Quitting is permanently and voluntarily leaving a job. Unless you have another job lined up (written job offer in hand that you have officially accepted), quitting is not usually good career or financial move.

Do not quit a job based on a verbal offer. Get the new job offer in writing, first.

Exceptions exist, of course. If continuing to do your current job involves you in potentially illegal activity or if you feel your life, health, or safety are at risk, then quitting may be your only - and your best - option.

However, typically it is not a good idea to quit one job before you have landed the next one.

Why not quit?

Two primary reasons:

  1. Recruiters and employers prefer "passive" (employed) job seekers.  NOT logical, but definitely reality!

    Many recruiters and employers currently believe that the world of job candidates is divided into 2 parts: first, people looking for new jobs (also known as "active" job seekers) and, second, happily employed people who are not looking for new jobs (a.k.a. "passive" job seekers).

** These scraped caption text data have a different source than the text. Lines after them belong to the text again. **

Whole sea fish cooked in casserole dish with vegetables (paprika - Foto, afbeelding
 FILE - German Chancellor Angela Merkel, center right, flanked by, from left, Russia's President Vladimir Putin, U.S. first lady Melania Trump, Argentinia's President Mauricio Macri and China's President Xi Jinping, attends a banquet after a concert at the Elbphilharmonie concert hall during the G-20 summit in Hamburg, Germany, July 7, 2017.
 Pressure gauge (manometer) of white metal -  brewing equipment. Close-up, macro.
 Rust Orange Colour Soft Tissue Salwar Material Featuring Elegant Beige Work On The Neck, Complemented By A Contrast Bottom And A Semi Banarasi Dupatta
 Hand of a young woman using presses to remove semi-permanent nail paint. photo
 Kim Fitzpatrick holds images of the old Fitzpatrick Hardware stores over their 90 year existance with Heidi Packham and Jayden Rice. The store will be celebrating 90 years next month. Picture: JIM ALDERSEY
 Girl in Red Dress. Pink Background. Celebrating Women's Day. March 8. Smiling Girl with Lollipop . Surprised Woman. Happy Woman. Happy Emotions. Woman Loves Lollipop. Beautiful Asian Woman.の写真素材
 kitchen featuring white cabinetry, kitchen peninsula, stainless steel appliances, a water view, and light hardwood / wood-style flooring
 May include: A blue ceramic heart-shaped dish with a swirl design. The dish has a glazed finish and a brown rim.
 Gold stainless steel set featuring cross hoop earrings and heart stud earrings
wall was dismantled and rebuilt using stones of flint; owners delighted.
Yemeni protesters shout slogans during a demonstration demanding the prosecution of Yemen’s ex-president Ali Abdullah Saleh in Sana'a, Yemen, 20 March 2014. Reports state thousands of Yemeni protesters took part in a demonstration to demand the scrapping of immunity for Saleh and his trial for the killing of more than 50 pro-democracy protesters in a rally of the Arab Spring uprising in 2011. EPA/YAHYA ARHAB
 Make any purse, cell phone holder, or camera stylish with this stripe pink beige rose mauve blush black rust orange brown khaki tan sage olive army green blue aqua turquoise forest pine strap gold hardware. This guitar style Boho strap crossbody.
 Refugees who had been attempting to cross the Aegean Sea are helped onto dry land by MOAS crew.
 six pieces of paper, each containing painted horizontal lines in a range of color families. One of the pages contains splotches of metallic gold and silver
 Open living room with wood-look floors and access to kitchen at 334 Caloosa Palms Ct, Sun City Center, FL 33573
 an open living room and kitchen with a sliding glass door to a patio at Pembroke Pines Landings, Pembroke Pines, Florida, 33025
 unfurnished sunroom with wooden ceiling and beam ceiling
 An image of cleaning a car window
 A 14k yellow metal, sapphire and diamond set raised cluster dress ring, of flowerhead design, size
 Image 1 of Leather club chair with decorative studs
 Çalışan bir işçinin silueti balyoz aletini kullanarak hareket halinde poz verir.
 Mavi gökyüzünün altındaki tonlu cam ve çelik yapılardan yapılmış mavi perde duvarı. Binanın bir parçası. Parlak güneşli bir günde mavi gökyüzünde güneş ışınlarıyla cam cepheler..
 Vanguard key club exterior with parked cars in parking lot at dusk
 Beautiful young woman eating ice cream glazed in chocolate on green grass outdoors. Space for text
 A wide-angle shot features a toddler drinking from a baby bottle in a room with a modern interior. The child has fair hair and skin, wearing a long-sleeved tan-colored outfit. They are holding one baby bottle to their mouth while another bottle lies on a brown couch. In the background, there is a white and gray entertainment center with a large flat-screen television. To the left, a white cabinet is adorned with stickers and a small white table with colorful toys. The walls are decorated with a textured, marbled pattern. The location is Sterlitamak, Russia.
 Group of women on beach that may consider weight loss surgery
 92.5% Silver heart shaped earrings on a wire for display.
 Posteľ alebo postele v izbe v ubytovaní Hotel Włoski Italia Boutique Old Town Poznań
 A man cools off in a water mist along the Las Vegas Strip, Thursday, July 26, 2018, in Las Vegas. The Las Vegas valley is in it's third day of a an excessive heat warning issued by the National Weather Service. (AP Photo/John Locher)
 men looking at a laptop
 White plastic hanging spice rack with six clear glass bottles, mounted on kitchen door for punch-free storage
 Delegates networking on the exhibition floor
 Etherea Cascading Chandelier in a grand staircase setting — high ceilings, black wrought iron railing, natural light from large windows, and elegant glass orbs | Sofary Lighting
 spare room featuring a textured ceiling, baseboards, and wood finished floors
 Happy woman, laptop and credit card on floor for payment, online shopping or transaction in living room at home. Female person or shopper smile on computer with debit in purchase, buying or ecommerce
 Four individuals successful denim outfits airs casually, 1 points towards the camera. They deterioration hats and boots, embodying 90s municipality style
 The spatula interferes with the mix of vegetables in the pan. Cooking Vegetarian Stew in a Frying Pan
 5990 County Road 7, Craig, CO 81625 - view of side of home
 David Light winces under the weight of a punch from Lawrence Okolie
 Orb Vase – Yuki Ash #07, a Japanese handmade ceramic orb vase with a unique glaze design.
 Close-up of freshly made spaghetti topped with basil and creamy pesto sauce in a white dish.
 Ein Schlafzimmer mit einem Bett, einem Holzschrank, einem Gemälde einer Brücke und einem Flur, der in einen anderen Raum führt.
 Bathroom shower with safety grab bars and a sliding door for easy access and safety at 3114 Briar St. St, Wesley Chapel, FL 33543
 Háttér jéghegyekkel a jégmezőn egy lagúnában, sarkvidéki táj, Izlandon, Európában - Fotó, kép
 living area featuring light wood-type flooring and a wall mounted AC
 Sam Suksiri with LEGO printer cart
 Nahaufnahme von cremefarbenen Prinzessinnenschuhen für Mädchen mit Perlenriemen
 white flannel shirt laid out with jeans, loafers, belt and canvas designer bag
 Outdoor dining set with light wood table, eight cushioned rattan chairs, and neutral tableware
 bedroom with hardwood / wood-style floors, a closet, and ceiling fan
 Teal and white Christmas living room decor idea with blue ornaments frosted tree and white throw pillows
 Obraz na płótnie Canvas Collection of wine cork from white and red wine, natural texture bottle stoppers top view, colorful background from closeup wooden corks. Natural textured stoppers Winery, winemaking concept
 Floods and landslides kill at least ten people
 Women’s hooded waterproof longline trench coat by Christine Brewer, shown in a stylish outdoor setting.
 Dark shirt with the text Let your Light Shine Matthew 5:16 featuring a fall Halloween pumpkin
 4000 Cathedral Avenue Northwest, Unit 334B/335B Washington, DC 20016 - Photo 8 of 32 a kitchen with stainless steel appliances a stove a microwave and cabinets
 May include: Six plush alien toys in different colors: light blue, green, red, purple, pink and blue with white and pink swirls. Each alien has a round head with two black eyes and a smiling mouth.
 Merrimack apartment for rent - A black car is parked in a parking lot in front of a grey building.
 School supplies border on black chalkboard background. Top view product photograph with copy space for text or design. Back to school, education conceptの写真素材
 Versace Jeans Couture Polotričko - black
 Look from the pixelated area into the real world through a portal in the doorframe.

    Obviously (to employers, at least), the most desirable potential employees are those passive job seekers who aren't looking for jobs.

    The passive job seekers are happily employed because they are well-paid, successful people. It seems very similar to the "playing hard to get" dating strategy. It's not logical and very often not true, but it is human nature.

    If you quit your job, you are automatically included in the less desirable active job seeker category of "active" job seeker.

    Following this somewhat twisted logic, if you are still employed, however tenuously and unhappily, the fact that you are currently employed makes you more interesting to recruiters and employers than you would be if you were not employed.
  2. If you quit, you may forfeit your rights to receive unemployment compensation in the U.S.

    If you do quit, DO try to register for unemployment, though, just in case your employer has been tagged as unfair or there are mitigating circumstances.

So, if you can avoid it, don't quit one job before you find a replacement.


Time for a stealth job hunt.

People do lose their jobs when their employers discovers that they are job hunting - not 100% of the time, to be sure, but often enough to make searching from home and being careful at work a very wise strategy. These days LinkedIn makes it much easier to conduct a stealth job search, so be sure to have a 100% complete LinkedIn profile.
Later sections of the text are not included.